Restorasyon sırasında taş duvarların eksik kısımları tamamlandıktan sonra zemin kattaki mevcut taş duvar ortaya çıkarılarak temizlenmiştir. İç bölmeler tamamen soyularak ahşap bağdadi kısım ortaya çıkarılmış ve sadece çürük ahşaplar değiştirilmiştir. Yapının üst katında yer alan orijinal kapı ve yüklüklerin yıpranan kısımları tamir edilmiş ve odanın giriş kısmında orijinalinde bulunan 3 kemer ve ahşap dikmeler ortaya çıkarılmıştır. Sıvalarda Muğla’da kullanımı yaygın olan horasan harcı (kireç, saman, keçi kılı ve harç karışımı) kullanılmıştır. Muğla Belediyesince kamulaştırılarak restorasyonu tamamlandıktan sonra 2005 yılında hizmete açılmıştır.
Saatli Kule
1895’ te Muğla’nın ilk Belediye Başkanlarından Hacı Kadızade Süleyman Efendi ve eşi Pembe Ana, Hicaz’a giderken Şam şehrinde gördükleri kulenin bir benzerini Muğla’da yaptırmak istemişler ve ünlü Rum usta Filvarus’a (Mihail Konstantin’in oğlu) bugünkü saatli kuleyi yaptırmışlardır.
Hacıkadı Evi
Bugün kayıtlara “Hacıkadı Evi” olarak geçen evin yapım tarihi 1875-1880 yılları arası olup günümüzden 130 yıl öncesine dayanıyor. Muğla’nın ilk belediye başkanı olan Hacıkadı Süleyman Efendi ve eşi Pembe Hatun bu evi oğulları Ömer Efendi için yaptırmıştır. Muğla için önemli olan tarihi saatli kule ve eski adı Memleket Hastanesi olan devlet hastanesi de aynı aile tarafından yaptırılmıştır.
Belediye Hizmet Binası
1867 Osmanlı İdari taksimatında mutasarrıflık olan Menteşe Livasının hükümet konağı olarak yapılmıştır.

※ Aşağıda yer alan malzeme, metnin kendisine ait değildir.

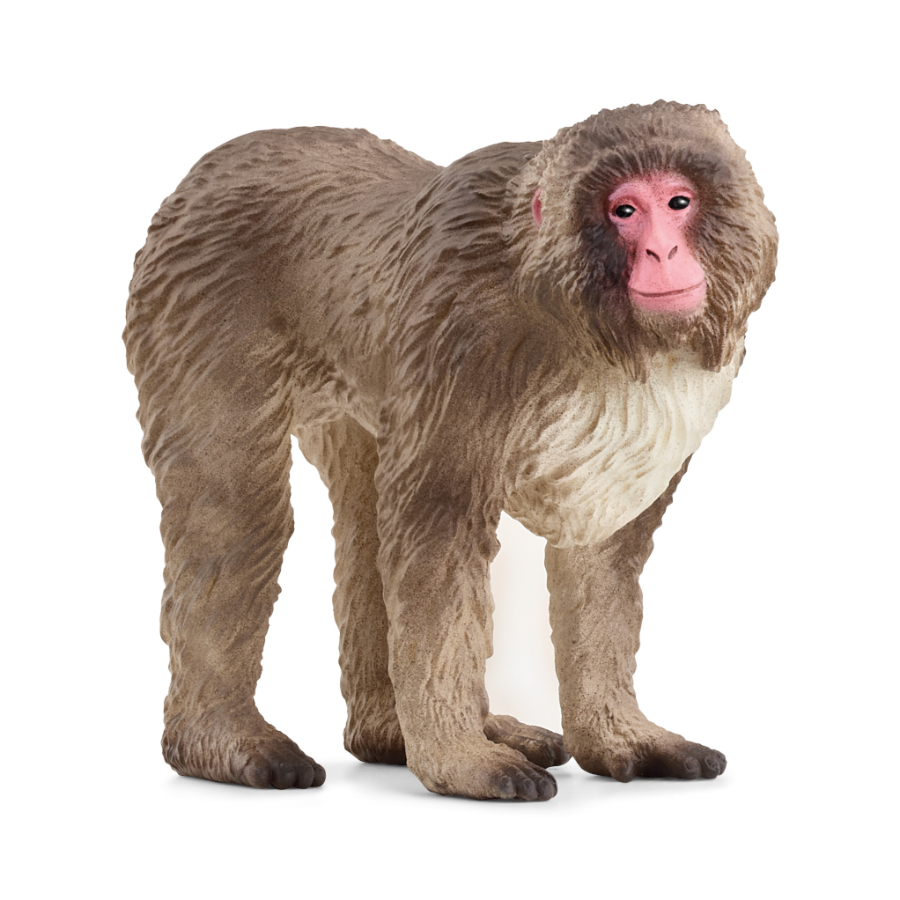 Schleich Japanese Macaque 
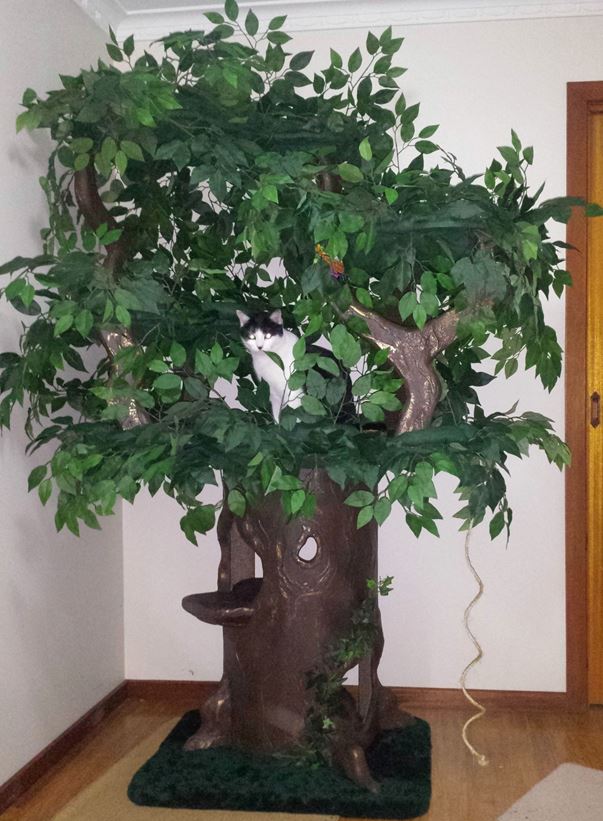FairyTale Cat Trees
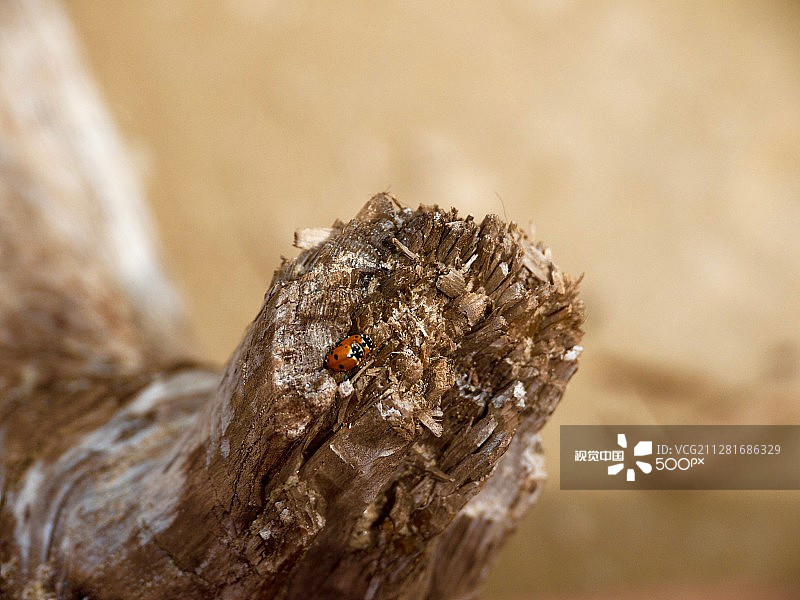 瓢虫双倍图片素材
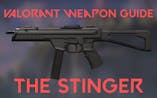 Valorant Weapon Stinger Burst 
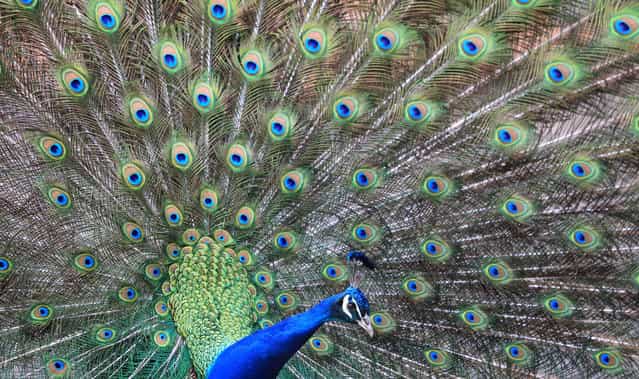 A peacock displays his feathers in a park Geiselwind, southern Germany on April 3, 2013. (Photo by Karl-Josef Hildenbrand/AFP Photo)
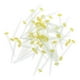 thumbnail image 2 of Poste de Fibra de Vidrio para Uso Dental 1.2mm Pack de 50, 2 of 3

Konağın planı devrin jandarma komutanı olan Şamlı Binbaşı Hüseyin Bey tarafından çizildi. Şam’ daki bir konaktan esinlenerek çizilmiştir. Adliye Binasının 2. katı 1889 yılında Muğla Mutasarrıfı olan Cafer Paşa tarafından yaptırılmış ve binanın inşaatında Rum ustalar çalışmıştır. Bina, 1949 yılına kadar valilik binası olarak daha sonra da adliye binası olarak kullanılmıştır. 2003 yılında Milli emlak Müdürlüğü tarafından Belediye Hizmet Binası olarak kullanılmak üzere Muğla Belediyesine devredilmiştir.
Konakaltı Hanı
19.yy’ a tarihlenen sivil mimarlık örneği bu han ahşap ağırlıklı bağdadi bir yapıdır. Üst kat şehre ticaret yapmaya gelen tüccarların ve mevsimlik işçilerin konaklaması için kullanılmıştır. Alt katta dükkânlar, hayvan damları ve ambarlar yer almaktaydı. Muğla Belediyesi himayesinde Ağa Han mimarlık ödülü sahibi Nail Çakırhan gözetiminde restore edilen han, günümüzde Muğla Belediyesi Eğitim, Kültür ve Sosyal İşler Müdürlüğü bünyesinde kültürel ve sosyal faaliyetlere ev sahipliği yapmaktadır.
Sanat Evi (Müftüler Evi)
Yapım tarihi yaklaşık olarak yüzyıl öncesine dayanır. Kentin kütür ve sanatını yansıtan örneklerin sunulduğu bir mekân olarak 2003 yılında Muğla Sanat Evi olarak hizmet vermeye başladı.
Mabolla Kalesi
Muğla kentinin yaslandığı tepe doruğunda yerleşik olan Mabolla Kalesi, özellikle doğu, güney ve batı yönlerde savunmaya son derece elverişli konumuyla 1. bin başlarına uzanabilecek önemli bir yerleşim merkezi özelliğinde. Mevcut kalıntılar tepede Klasik çağlardan Bizans Dönemi içlerine dek uzayan kesintisiz bir yerleşimin varlığını göstermektedir.